Our collaborative team of scientists at Imperial College, London and University of Washington analysed data from 183 countries, collected between 1990 and 2013. A majority of the deaths – 96 per cent – were due to hepatitis B and C which cause liver damage (cirrhosis), and liver cancer. Symptoms include fatigue, jaundice and nausea. However in many people, the infection is symptomless – and so an individual may not know they are infected until they develop serious complications. Our findings, which have been published in the journal The Lancet, reflect that viral hepatitis deaths increased by 63 per cent over the 23-year period. This study, which was co-led by scientists at the Institute for Health Metrics and Evaluation at the University of Washington, found deaths from viral hepatitis were higher in high and middle-income countries than lower income countries. The overall disease burden is now more evenly divided between higher and lower income nations. We therefore now urgently need international measures to address this crisis.

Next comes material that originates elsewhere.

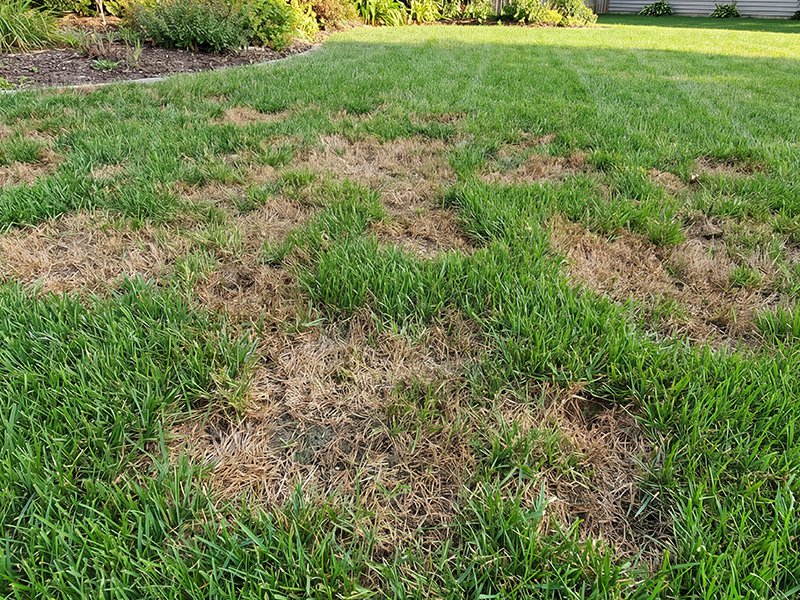 brown patches in lawn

This is the most comprehensive analysis to date of the global burden of viral hepatitis. And it reveals startling findings – showing the death toll from this condition is now 1.45 million. Whereas deaths from many infectious diseases – such as TB and malaria – have dropped since 1990, viral hepatitis deaths have risen. Although there are effective treatments and vaccines for viral hepatitis, there is very little money invested in getting these to patients –especially compared to malaria, HIV/AIDS and TB. We now have a viral hepatitis global action plan approved in May by the World Health Assembly, and we now need to implement it.

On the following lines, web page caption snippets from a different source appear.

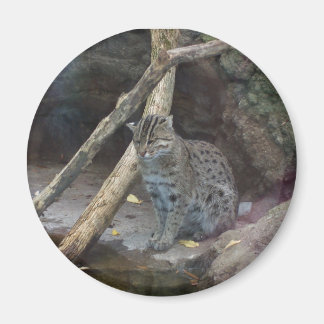 fishing cat magnet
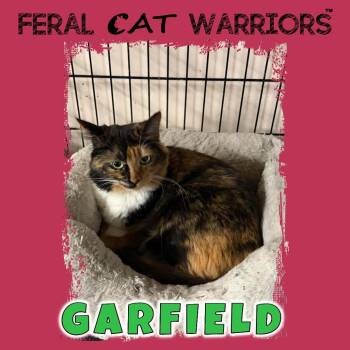 Domestic Long Hair Cats Available for Adoption in Kingman, Arizona - Garfield | PetCurious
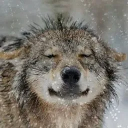 skullfracture's avatar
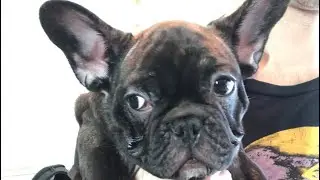 The Duffy aka Frenchie Travel Bag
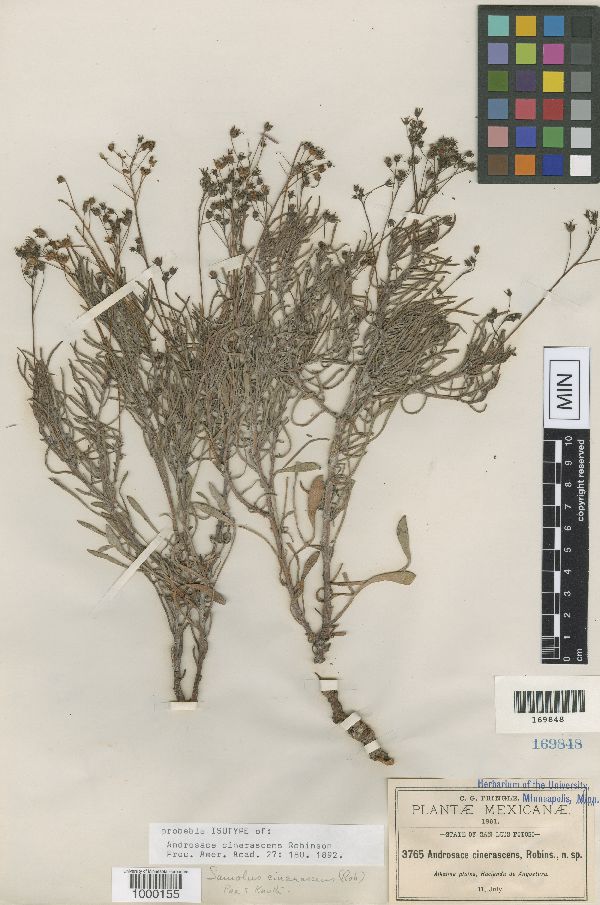 Androsace cinerascens image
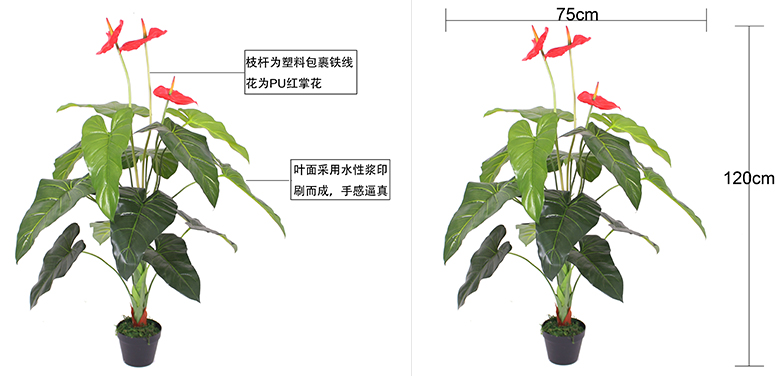 四尺盆栽红掌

In the study, we analysed data from the Global Burden of Disease study – an ongoing project that collects data from around the globe. We assessed deaths from the four major viruses – A, B, C and E (hepatitis D only infects people already infected with hepatitis B). The researchers found deaths from acute infection, cirrhosis and liver disease caused by viral hepatitis had increased by 63 per cent from 890,000 in 1990 to 1.45 million in 2013.
By comparison, in 2013, 1.3 million people worldwide died from AIDS, 1.4 million from TB, and 855,000 from malaria, according to a 2015 study by the Institute for Health Metrics and Evaluation. In the current study, most hepatitis deaths were found to occur in East Asia, and the majority of global deaths were due to hepatitis B and C. One potential reason for the high number of deaths from hepatitis B and C is these strains cause long-term infections with very few immediate symptoms. They can, therefore, progress silently until they trigger serious liver damage or cancer. Although we have had an effective hepatitis B vaccine for some years, there is still a large proportion of the world which is unvaccinated. We have no similar vaccine for hepatitis C.

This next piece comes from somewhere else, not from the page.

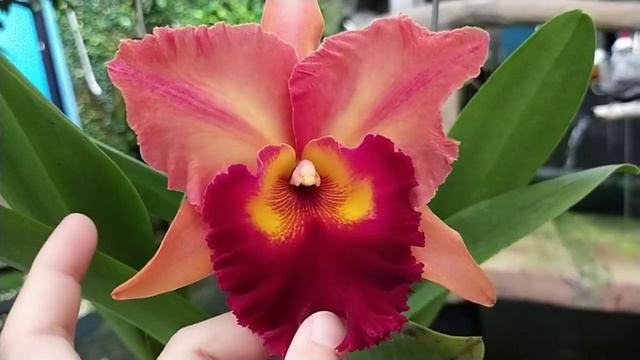 Cattleya Monthatip Belle смотреть онлайн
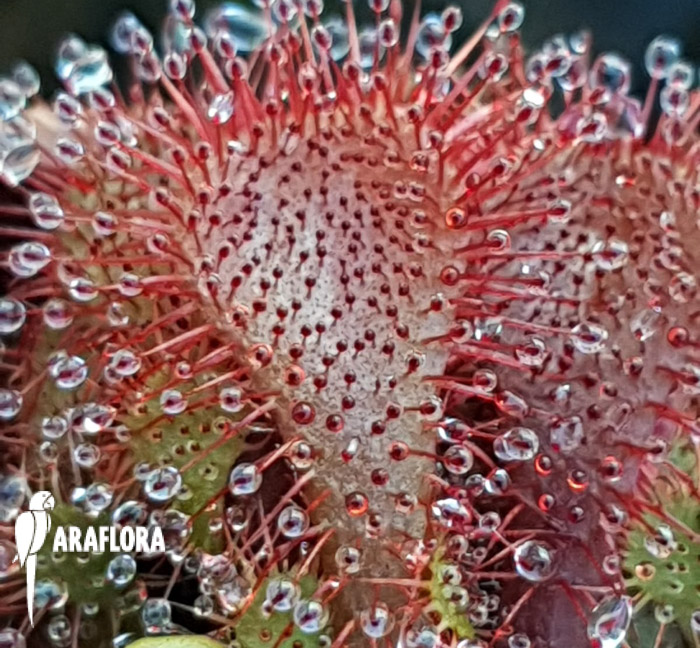 Drosera spatulata ‘Asia’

In addition to hepatitis-related deaths, the researchers estimated years of life lost. This is calculated by subtracting the age at death from the longest possible life expectancy for a person at that age. The team found that years of life lost in 2013 exceeded 41 million. Furthermore, there were more than 870,000 years in which people lived with disabilities related to hepatitis.
My research colleague Assistant Professor Jeff Stanaway, from the Institute for Health Metrics and Evaluation, explains that viral hepatitis is unusual amongst leading communicable diseases because it is evenly divided between higher and lower income nations. “We explored the relationship between the burden of viral hepatitis and economic status. Viral hepatitis has consistently been ranked as a leading cause of mortality in upper-middle income countries, but a relative rise in mortality in lower-middle income countries has been associated with a narrowing in the rankings by 2013. Our results suggest that an evolution in funding structures is required to accommodate viral hepatitis and allow effective responses in low and low-to-middle middle-income countries.”
We have tools at our disposal to treat this disease – we have vaccines to hepatitis A and B, and we have new treatments to C. However the price of new medicines is beyond the reach of any country – rich or poor. This study will hopefully highlight that we should be doing more to make treatments for viral hepatitis affordable and accessible.”